Appreciate your support.
The approach I took is shown below. On trick was to check to see running not running on SQL Azure, then we would need to call 'SET CONTEXT_INFO ...'. This allows the same code to be execute on local SQL Server Express and Azure without changes.
Create a table to store the context info (not in master but in the same database)

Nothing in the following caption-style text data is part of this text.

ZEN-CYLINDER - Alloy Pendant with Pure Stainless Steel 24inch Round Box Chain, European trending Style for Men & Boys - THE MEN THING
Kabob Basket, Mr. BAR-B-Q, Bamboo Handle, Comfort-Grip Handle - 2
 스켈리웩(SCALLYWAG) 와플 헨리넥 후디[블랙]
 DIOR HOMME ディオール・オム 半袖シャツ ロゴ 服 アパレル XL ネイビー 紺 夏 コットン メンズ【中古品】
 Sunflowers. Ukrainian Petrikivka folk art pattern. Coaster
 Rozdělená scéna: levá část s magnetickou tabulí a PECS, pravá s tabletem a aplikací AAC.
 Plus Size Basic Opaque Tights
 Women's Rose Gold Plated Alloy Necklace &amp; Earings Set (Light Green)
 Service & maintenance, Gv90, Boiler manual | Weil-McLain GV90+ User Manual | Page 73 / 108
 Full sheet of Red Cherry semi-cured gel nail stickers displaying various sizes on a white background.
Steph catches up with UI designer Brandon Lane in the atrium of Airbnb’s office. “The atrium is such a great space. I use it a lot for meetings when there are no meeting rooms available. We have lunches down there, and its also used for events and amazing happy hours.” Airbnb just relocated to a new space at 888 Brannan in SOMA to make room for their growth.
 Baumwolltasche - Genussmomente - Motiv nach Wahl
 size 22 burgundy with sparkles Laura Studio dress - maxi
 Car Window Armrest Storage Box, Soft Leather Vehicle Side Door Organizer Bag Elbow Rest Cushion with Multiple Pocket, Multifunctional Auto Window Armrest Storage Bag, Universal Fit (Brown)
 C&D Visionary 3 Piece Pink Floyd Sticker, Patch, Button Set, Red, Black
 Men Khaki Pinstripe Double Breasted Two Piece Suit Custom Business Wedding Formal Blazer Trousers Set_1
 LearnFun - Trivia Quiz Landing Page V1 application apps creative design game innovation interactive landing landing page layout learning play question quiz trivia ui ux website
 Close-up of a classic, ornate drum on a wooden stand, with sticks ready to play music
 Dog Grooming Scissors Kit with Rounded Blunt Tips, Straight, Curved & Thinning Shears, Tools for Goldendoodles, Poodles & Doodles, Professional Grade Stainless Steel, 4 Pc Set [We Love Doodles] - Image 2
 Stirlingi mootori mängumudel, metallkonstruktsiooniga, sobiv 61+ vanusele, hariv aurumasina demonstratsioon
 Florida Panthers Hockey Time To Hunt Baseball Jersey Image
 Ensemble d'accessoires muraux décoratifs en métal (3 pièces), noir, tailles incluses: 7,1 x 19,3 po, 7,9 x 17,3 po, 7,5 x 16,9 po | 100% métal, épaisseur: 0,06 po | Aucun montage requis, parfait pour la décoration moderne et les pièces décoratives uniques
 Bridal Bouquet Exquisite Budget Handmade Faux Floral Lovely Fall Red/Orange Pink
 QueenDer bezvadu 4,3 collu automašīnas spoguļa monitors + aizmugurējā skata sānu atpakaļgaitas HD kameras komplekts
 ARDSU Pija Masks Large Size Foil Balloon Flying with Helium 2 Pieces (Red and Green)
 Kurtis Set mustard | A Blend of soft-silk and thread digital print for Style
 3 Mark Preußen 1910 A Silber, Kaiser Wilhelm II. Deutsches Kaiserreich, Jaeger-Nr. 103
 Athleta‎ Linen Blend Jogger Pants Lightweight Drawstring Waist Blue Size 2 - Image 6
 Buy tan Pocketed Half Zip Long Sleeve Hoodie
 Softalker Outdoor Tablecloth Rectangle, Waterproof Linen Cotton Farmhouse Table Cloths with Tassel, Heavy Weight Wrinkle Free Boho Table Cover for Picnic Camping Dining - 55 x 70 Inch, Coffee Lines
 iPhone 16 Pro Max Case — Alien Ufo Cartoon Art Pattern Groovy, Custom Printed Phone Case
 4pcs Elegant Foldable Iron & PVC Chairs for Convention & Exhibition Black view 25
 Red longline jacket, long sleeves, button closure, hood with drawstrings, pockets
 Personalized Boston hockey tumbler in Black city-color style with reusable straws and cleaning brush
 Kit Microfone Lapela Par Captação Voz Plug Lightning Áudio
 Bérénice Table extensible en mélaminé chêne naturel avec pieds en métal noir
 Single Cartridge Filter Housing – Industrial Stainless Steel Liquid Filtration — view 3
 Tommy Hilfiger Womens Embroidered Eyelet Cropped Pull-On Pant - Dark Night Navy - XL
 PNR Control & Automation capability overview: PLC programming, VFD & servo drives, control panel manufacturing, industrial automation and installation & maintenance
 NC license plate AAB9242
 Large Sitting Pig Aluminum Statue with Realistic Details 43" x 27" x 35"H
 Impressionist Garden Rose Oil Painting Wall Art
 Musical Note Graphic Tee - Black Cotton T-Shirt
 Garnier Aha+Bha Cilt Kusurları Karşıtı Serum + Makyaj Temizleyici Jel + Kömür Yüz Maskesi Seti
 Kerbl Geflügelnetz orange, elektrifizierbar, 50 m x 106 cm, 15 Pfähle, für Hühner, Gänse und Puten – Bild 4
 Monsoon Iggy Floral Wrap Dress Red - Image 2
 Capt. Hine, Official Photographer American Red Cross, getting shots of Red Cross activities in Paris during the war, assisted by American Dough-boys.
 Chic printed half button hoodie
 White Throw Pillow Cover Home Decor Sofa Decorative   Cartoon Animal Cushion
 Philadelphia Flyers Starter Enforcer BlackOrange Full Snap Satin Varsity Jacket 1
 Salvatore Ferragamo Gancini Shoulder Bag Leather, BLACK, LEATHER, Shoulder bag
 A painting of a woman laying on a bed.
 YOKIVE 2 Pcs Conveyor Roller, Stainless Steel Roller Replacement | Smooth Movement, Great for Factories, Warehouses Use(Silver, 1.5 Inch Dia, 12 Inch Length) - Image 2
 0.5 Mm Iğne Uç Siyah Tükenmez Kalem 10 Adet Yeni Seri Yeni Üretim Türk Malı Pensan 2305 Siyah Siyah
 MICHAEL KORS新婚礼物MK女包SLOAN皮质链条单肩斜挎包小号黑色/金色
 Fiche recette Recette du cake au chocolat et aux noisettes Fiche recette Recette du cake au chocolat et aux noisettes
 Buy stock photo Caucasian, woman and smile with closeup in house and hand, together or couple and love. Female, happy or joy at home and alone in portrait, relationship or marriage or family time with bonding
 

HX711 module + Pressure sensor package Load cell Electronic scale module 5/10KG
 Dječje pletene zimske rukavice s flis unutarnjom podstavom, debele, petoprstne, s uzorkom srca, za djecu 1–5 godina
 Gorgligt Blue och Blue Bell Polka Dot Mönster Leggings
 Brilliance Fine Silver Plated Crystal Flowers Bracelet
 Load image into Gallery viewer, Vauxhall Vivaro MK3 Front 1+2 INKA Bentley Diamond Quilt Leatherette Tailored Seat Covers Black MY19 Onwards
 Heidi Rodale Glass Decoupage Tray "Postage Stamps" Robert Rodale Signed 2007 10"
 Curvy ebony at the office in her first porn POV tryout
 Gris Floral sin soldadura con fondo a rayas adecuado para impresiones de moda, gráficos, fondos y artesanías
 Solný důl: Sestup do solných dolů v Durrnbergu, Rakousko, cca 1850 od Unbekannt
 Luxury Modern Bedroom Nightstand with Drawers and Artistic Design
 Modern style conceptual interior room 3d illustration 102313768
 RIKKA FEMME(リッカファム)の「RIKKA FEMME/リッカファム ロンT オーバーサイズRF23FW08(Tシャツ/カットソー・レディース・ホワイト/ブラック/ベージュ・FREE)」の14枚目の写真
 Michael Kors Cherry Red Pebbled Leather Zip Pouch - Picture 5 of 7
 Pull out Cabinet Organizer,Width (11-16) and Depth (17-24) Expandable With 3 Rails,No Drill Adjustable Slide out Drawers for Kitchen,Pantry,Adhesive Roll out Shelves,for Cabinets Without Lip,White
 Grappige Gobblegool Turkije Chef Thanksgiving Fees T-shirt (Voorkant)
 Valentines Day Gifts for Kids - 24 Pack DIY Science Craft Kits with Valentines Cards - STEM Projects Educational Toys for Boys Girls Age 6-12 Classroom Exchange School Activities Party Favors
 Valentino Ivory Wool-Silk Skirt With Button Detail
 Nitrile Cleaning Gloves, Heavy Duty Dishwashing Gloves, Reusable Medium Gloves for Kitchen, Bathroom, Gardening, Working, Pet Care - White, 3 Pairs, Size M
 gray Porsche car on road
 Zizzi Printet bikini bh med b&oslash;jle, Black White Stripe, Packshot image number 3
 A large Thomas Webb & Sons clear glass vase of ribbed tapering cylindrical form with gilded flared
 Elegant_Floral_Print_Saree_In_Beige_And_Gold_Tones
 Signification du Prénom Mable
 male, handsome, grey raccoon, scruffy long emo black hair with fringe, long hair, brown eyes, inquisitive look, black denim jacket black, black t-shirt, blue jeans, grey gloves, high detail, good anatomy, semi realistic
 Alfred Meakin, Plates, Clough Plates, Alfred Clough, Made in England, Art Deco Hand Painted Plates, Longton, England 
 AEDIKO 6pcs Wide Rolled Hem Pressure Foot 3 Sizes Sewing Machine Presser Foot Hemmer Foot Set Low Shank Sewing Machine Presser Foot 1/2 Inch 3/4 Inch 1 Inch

CREATE TABLE [dbo].[ContextInfo] (
[ContextInfo] varbinary(128) not null,
[ApplicationUsername] nvarchar(128) not null,
[UpdatedAt] datetime NOT NULL,
CONSTRAINT [PK_UserContextInfo] PRIMARY KEY CLUSTERED ([ContextInfo] ASC)
)
Create a stored procedure to 'Set Context Info' which is called from application
CREATE PROCEDURE [dbo].[SetContextInfo]
#ApplicationUsername nvarchar(128)
AS
SET NOCOUNT ON
-- Remove all context items older than an 5 minutes ago
DELETE
FROM [dbo].[ContextInfo]
WHERE [UpdatedAt] < DATEADD(mi, -5, GETUTCDATE())
--
-- Use the MERGE command to do an update/insert
-- See: http://technet.microsoft.com/en-us/library/bb510625.aspx
--
IF SERVERPROPERTY('edition') <> 'SQL Azure'
BEGIN
DECLARE #b varbinary(128)
SET #b = CONVERT(varbinary(128),newid())
EXEC sp_executesql #statement=N'SET CONTEXT_INFO #b',#params=N'#b varbinary(128)',#b=#b
END
DECLARE #ContextInfo varbinary(128)
SELECT #ContextInfo = CONTEXT_INFO()
MERGE [dbo].[ContextInfo] AS target
USING (SELECT #ContextInfo, #ApplicationUsername) AS source ([ContextInfo], [ApplicationUsername])
ON (target.[ContextInfo] = source.[ContextInfo])
WHEN MATCHED THEN
UPDATE SET [ApplicationUsername] = source.[ApplicationUsername], [UpdatedAt] = GETUTCDATE()
WHEN NOT MATCHED THEN
INSERT ([ContextInfo], [ApplicationUsername], [UpdatedAt])
VALUES (source.[ContextInfo], source.[ApplicationUsername], GETUTCDATE());
Create a stored procedure to 'Get Context Info'
CREATE PROCEDURE [dbo].[GetContextInfo]
AS
SET NOCOUNT ON
DECLARE #ContextInfo varbinary(128)
SELECT #ContextInfo = CONTEXT_INFO()
SELECT [ApplicationUsername]
FROM [dbo].[ContextInfo]
WHERE [ContextInfo] = #ContextInfo
GO
In trigger source, use:
DECLARE #UserContext TABLE ([Username] VARCHAR(128))
INSERT INTO #UserContext (Username)
EXEC [dbo].[GetContextInfo]
Now you have the username stored in the table variable. In case changes are applied by an administrator outside of your application, you may also want to check if the username was not set and default to something like *SYSTEM_USER*.